10 Myths of Business Networking – Part Two


By Ken Marsh
Ken Marsh is a Price of Business Show Contributor for Business Networking. He is an authority on this subject and author of the book Fearless Networking.

“Self-preservation has a tendency to lead to poverty.”  — Excerpted from “The Treasury of Quotes” by Jim Rohn

 Although many will say that most of their business comes through networking. Just as many will have false assumptions about business networking that could be hampering their effort at increasing their business through “word of mouth marketing.” Following is a list of five of the 10 myths about business networking (myths 6-10). How many did you once agree with?

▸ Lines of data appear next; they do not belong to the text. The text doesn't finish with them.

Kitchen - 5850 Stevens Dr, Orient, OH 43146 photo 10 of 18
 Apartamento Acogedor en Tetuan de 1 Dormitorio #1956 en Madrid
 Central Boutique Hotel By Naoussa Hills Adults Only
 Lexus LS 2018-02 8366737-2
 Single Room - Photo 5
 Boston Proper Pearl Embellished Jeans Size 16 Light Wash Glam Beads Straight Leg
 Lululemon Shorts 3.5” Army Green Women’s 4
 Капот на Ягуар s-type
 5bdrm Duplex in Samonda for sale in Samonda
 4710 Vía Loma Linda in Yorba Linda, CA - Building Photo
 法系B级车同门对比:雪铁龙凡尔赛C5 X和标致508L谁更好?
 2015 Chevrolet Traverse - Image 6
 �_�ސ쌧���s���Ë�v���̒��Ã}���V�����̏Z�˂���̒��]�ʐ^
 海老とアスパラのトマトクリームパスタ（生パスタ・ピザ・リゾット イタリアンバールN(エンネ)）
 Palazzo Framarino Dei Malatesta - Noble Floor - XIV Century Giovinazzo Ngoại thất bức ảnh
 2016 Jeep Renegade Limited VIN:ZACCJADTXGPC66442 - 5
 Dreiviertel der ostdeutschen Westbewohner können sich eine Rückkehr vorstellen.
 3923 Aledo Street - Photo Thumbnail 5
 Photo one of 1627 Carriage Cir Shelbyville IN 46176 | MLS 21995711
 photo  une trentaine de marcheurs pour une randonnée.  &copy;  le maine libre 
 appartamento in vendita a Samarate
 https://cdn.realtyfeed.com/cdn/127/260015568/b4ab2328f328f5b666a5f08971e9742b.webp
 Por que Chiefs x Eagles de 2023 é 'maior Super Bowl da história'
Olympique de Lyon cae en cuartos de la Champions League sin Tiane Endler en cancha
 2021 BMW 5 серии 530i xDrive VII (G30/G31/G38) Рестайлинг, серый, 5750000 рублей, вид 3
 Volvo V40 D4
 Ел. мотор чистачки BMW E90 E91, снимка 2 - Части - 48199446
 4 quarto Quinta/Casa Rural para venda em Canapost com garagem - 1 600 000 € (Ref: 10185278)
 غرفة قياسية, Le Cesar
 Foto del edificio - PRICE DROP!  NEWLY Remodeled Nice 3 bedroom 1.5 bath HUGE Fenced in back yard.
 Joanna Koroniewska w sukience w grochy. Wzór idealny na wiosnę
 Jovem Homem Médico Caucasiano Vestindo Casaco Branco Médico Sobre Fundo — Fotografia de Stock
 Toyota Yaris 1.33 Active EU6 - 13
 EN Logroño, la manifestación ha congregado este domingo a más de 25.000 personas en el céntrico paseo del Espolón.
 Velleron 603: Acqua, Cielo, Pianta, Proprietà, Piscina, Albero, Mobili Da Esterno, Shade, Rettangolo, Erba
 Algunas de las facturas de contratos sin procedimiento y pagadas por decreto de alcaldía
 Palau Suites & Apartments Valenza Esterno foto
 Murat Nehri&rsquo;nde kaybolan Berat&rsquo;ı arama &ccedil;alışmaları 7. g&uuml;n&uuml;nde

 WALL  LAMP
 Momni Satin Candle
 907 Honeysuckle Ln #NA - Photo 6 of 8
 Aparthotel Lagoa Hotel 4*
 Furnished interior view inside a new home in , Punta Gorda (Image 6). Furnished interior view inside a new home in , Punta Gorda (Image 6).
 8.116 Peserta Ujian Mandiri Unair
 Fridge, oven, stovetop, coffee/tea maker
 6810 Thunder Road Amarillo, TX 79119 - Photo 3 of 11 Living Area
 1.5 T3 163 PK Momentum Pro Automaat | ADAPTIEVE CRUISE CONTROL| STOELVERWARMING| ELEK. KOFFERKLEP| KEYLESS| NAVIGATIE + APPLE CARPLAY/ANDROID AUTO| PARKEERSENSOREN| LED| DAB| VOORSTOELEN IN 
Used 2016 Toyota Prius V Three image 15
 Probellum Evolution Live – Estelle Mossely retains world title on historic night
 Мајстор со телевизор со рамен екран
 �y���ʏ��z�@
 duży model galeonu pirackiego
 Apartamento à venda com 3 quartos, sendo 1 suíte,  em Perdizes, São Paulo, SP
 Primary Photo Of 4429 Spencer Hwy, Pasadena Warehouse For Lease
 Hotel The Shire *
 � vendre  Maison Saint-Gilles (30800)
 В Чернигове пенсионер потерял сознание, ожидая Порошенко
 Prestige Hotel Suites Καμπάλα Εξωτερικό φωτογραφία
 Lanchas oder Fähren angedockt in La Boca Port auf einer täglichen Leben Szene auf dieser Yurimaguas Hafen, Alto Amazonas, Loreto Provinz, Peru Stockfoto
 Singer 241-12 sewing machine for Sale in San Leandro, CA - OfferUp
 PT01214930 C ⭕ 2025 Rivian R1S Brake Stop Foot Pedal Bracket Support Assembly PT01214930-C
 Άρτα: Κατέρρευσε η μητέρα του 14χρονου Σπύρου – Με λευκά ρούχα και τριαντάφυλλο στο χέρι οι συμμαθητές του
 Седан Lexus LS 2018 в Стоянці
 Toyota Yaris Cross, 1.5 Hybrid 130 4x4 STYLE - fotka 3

  1. “You have the “gift of gab” so you are a natural networker.” Nothing could be further from the truth. The ability to listen actively to identify wants and needs and to determine the impact of not resolving issues, is far more critical to effective networking and relationship building.
  2. “One should never have to cold call again once he learns how to network.” This statement could not be further from the truth. Business networking is an art that takes time to master. But, even master networkers know that networking does not replace selling. If anything, networking is a form of marketing and should enhance selling. A good rule of thumb for a champion salesperson is to spend 60% of your time networking and 40% selling.
  3. “Collecting business cards to create a huge contact database is networking.” Business networking is much more about focusing on building relationships rather than a database of names, addresses and phone numbers. Acquiring a database of diverse people with diverse products and services that have agreed to share referrals is true networking.
  4. “Once you have a well written 60-second product or service introduction, you are ready to begin networking.” Having a well-written 60-second product or service introduction or even a great elevator speech are important components of networking. However, networking is more about asking the right questions at the right time to begin building rapport and trust, listening for issues, wants and needs and tying the issues, wants and needs to the services of network associates who can help a prospective referral.
  5. “Since self-preservation is a key to survival, it is impossible to focus mainly on helping or contributing to another person’s interests.” It is true that most people primarily think about their own problems and concerns. However, it is not impossible to learn to primarily focus on helping others. In fact, when we do we find that we are much closer to attaining our own goals. This is true because people are more apt to be interested in helping us when we demonstrate that we are interested in helping them.